Easily Tipped Back into Violence
The processes of ‘Nation Building’ and ‘Peace Building’ endure a complicated synergy and appear too tightly entangled, resulting in fragile practices, easily tipped back into violence.
Whilst post-conflict governments optimistically forge ahead with internationally backed, nation building initiatives, using international aid and unfamiliar stakeholders to help design dynamic gestures of resilience, modernity and progressive nation-building. The concurrent everyday peacebuilding initiatives struggle to keep up, thus creating a chasm from which disillusioned parties feel misrepresented, forgotten, and disorientated. These communities are often left to make sense of their entangled emotions of post-conflict trauma alone. A precarious social-economic existence that leaves groups vulnerable to political manipulation and radicalization.
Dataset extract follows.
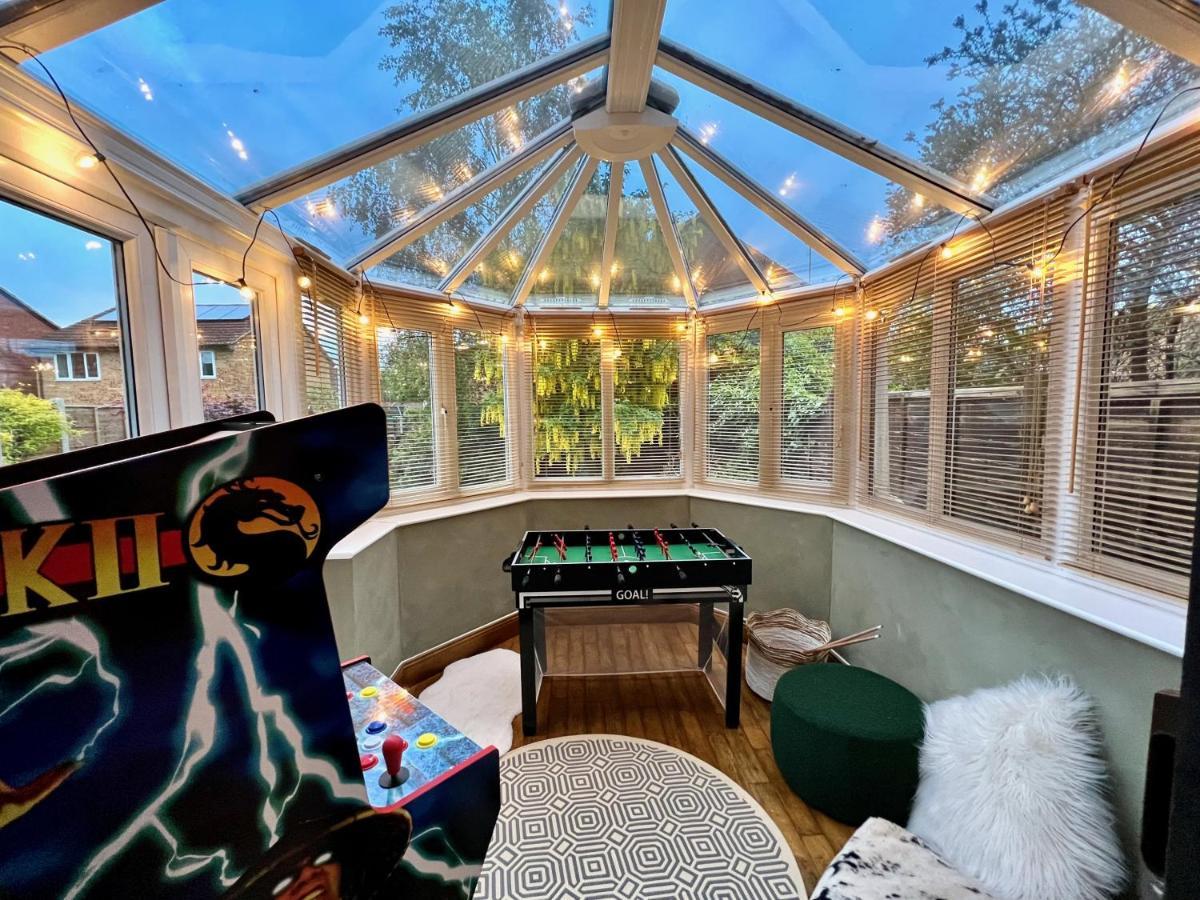 4-Bed Cotswold Getaway With Hot Tub & Gaming Room Churchdown Bagian luar foto
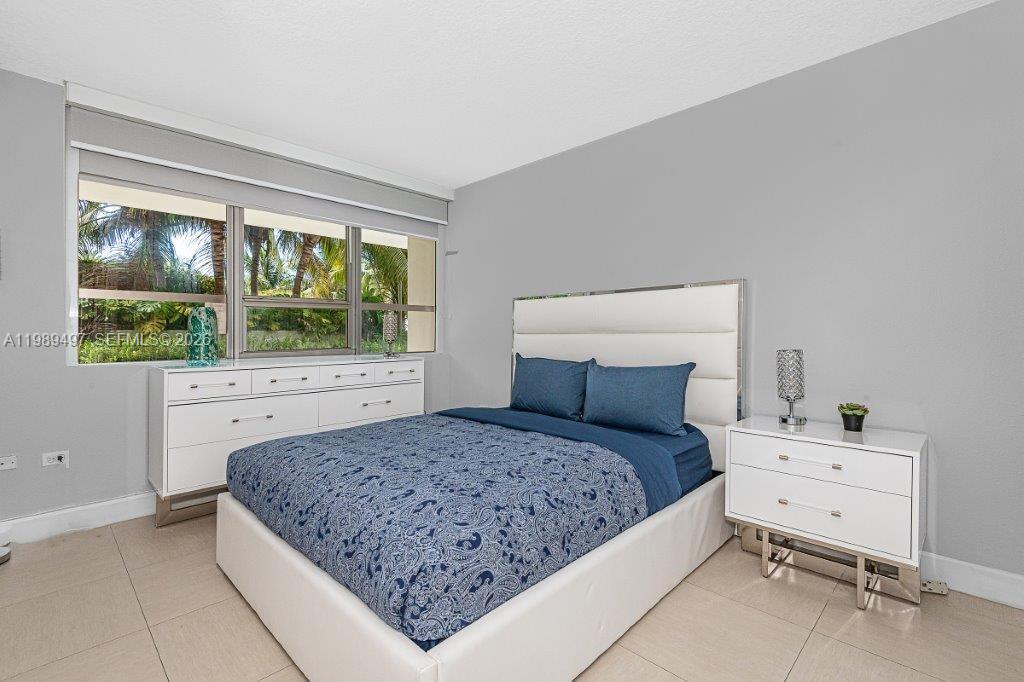 1500 Bay Road, Unit 128S Miami Beach, FL 33139 - Photo 4 of 27 a bedroom with a bed and window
In communities tormented by repeated violence, there is a reduction of social fabric that instills a trusted feeling of security, for many, the violence has destroyed their notion of ordinary life. It is within this threshold between a skewed notion of the ordinary, and the physical challenges faced by people enduring a post- conflict context, that peacebuilding has to be at its most diligent and dynamic.
More work is required in developing a sequence of site-specific, well supported and transparent approaches supporting the everyday (a network-of-meaning), an honest and sincere attempt to cleverly combine nation and peace building efforts that acknowledge the suffering and turmoil of local communities and of a nation transitioning from negative to positive peaceful conditions.
In the rush to develop a nation-state recognized and trusted by the international community, stakeholders can't afford to overlook the searing issue that precarious and volatile local conditions are easily amplified by jarring miscommunication, the political manipulation of memory, deliberate attempts to banish past wrongdoing to the realms of amnesia and encouraging the silencing of past’s uncomfortable truths.